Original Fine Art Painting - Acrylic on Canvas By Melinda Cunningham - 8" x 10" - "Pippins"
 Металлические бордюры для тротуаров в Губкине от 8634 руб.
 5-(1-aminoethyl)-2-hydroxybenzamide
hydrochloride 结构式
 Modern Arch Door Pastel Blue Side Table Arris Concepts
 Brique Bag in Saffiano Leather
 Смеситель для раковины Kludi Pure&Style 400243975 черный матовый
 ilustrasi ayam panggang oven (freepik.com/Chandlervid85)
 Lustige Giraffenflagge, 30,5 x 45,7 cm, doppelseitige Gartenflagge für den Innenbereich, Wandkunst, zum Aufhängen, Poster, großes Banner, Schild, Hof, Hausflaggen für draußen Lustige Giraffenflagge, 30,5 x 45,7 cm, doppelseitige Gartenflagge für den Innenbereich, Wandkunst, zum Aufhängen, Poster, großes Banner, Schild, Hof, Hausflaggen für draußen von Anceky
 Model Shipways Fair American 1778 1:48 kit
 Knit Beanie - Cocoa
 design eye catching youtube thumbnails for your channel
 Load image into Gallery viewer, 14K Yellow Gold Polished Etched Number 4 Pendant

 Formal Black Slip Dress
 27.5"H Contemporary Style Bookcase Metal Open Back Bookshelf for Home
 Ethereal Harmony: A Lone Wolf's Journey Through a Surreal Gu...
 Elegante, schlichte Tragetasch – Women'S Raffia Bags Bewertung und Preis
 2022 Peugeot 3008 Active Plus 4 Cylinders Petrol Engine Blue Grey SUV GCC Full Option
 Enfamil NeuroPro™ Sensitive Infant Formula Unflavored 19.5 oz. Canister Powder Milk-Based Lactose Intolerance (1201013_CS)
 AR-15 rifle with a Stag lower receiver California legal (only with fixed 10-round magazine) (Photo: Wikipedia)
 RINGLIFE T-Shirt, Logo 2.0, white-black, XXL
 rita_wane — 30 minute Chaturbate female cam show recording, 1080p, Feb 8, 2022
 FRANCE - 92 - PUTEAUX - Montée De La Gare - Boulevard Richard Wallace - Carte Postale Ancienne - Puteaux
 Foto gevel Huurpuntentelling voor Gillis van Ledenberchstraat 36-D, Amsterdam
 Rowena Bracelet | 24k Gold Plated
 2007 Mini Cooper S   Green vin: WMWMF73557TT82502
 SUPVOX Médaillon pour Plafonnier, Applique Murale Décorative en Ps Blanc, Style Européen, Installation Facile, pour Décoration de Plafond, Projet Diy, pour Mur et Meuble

----------

» Problem: Please output exactly the lines between the one holding "Ethereal Harmony: A" and the one holding "2022 Peugeot 3008" in the records above, inclusive, and nothing more.

» Result:
 Ethereal Harmony: A Lone Wolf's Journey Through a Surreal Gu...
 Elegante, schlichte Tragetasch – Women'S Raffia Bags Bewertung und Preis
 2022 Peugeot 3008 Active Plus 4 Cylinders Petrol Engine Blue Grey SUV GCC Full Option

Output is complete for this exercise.